My ongoing path towards publication has been far from smooth. There have been many, many obstacles in my way–jobs and lack thereof, dying computers, and the everyday requirements of being a husband and father, among others. Still, those things have also been a boon to my writing, testing my determination and ambition. A few years ago, I was simply trying to convince myself that I could write a novel. Now, I have begun submitting my second complete manuscript to literary agents and feel good about my chances.
I first began to think of submitting The Dead and the Dying for publication about the time I was finishing the first draft. When I started playing with the idea, I set about finding as much information as I could on the publishing industry and found a wealth of great sites and blogs that gave me a sound education in a relatively short period of time. Some of these blogs and sites and visit everyday, mining for one more nugget of wisdom that might make the difference between an acceptance and a rejection.
One of the first things I wanted to know was what agents represent the stuff I want to write. One of the first prospects I found online was Lantz Powell, a relatively new agent in Chattanooga. I browsed the information on him, including comments posted by many of his detractors. I also checked out some of his clients, including a horror writer named Cherie Priest.
Now, Cherie Priest maintains a popular LJ and is one of the brightest new stars in horror fiction. I started reading her blog everyday (she usually posts at least once a day) and, interspersed among her hilarious tales of Spain the Cat and other aspects of her life, found wonderful insights on life as a published author. From Cherie’s blog, I discovered that she had a new agent, Jennifer Jackson of the Donald Maass Literary Agency, and my mouth began to water. DMLA is one of the most prestigious agencies in the country and, after a while reading Ms. Jackson’s also-popular LJ, I decided that I wanted Jennifer Jackson to represent my work . . . no, LOVE my work.

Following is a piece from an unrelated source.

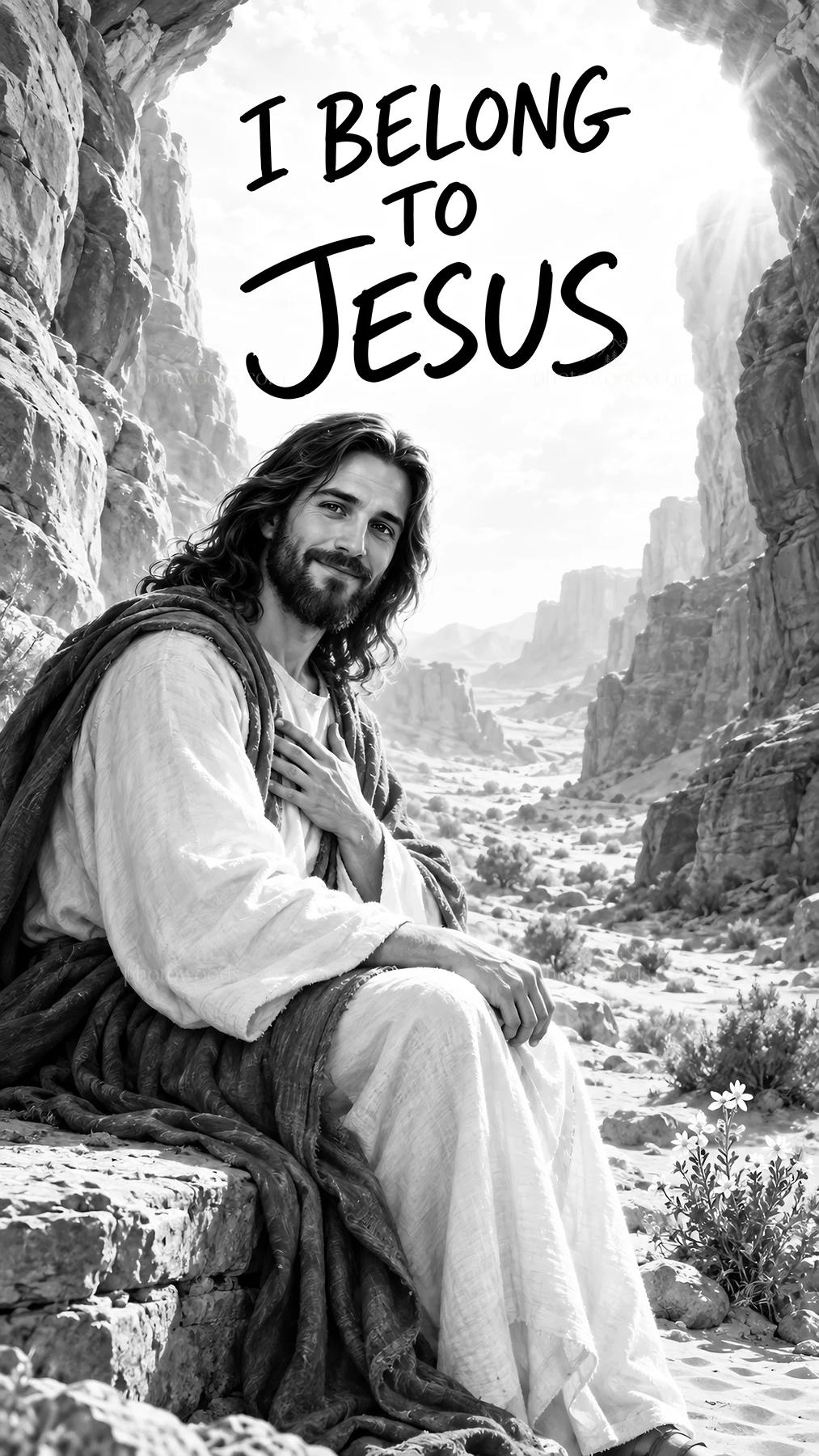 Jesus Christ sitting in a desert landscape with an open gesture - AI-generated stock image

During my research, I found several other things about Cherie Priest that I did not expect. First of all, she attended high school, at least a year of it, about 45 minutes from where I was doing the same. This was odd, considering she mostly grew up in Florida and now lives in Seattle. Central Kentucky is far from being the cultural center of the universe and, though it does have its own rustic charm, would be the last place you’d likely look for a noted horror writer.
And it gets weirder.
Cherie has a brother named Alex, now in his freshman year of college. This fine young man, “Mr. Overachiever” according to his sister, graduated from Grayson County High School–my alma mater.
And weirder still.
Alex–Mr. Overachiever–was a 2006 attendee of the Kentucky Governor’s Scholar Program, an elite summer program for gifted rising seniors in the Bluegrass. I also attended GSP from Grayson County, in 1993, where I met the wonderful girl who is now sleeping on the couch behind me, wearing my wedding ring. In addition, I am on the Statewide Selection Committee for GSP, meaning that I have evaluated a portion of every application for the program that has come in over the past five years, including that of Mr. Overachiever. The process is anonymous–I get no names to attach to the applications–but I’m sure his must have stood out among the 1900 or so I see every year since he did make the cut.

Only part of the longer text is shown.